Nul miroir ne nous sauvera, prisonniers des écrans à l’instar des acteurs, captifs volontaires de vies fictionnelles et fictives. La mort nous sourit de toutes ses dents dans notre rictus spéculaire. Coup de peigne, de rasoir ou de rein, le choix vous appartient, à défaut de la nuit utérine du cinéma, du jour destructeur de la planète. Tu croyais te regarder le nombril et parler tout seul ? Ils possèdent tous aussi une glace chez eux, tandis que la « société du spectacle » (et donc du miroir, souvent aux alouettes) régit les récits. Bergman à Berlin avertissait – le pire resterait cependant à venir, car derrière le verre fracassé, taché du rouge rubis réel, un vide absolu attend patiemment l’extinction définitive des projecteurs, des réseaux, des écrits, des étreintes. L’ultime image de la Disparition peut prendre la forme d’une caméra de surveillance continuant à tourner stupidement, inutilement reflétée dans un grand miroir où personne ne cherchera plus la trace fugace du mystère humain, désormais absent…
        

Commentaires

  1. Je ne savais pas où me conduiraient toutes ces superbes affiches (celle du Chabrol par exemple dont j'ignorais tout) et m'y voici : dans une galerie des glaces !

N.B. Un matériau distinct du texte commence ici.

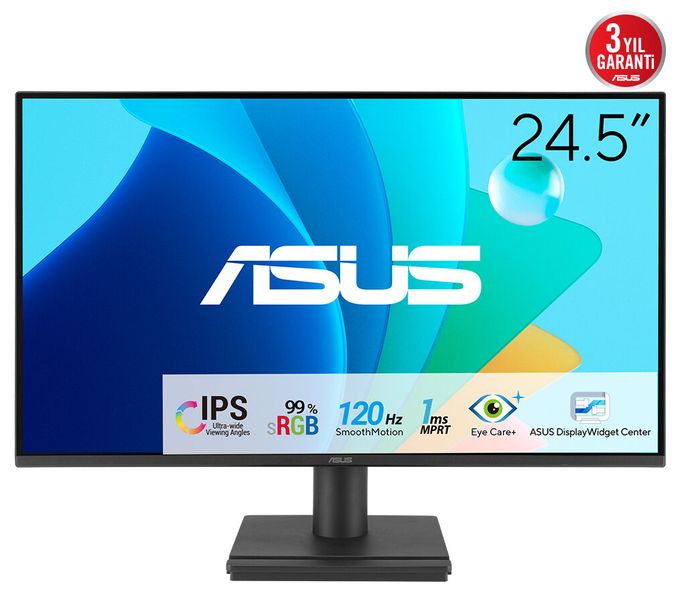 Full HD Monitor 62,2 cm (24.5 Zoll) 16:9 300 cd/m²  Eye Care VA259HGA (Schwarz)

    Pour nous les escaliers et les spirales, pour vous les miroirs. Mais les premiers ne conduisent-ils pas aux seconds et, pourquoi pas, inversement, la traversée des seconds ne nous entraîneraient-ils pas vers quelque étage supérieur ou dans d'inquiétantes descentes ? C'est à Vertigo que je fais allusion (quel autre ?) : Madeleine devant Carlotta comme devant un miroir et ce beffroi qu'il faut gravir à nouveau pour ne retrouver qu'un vide, celui de son échec répété, celui de sa propre image.

    Une des citations liminaires me fait aussi penser à Dorian Gray et son portrait, le beau, le laid, l'image de l'autre du point de vue du même.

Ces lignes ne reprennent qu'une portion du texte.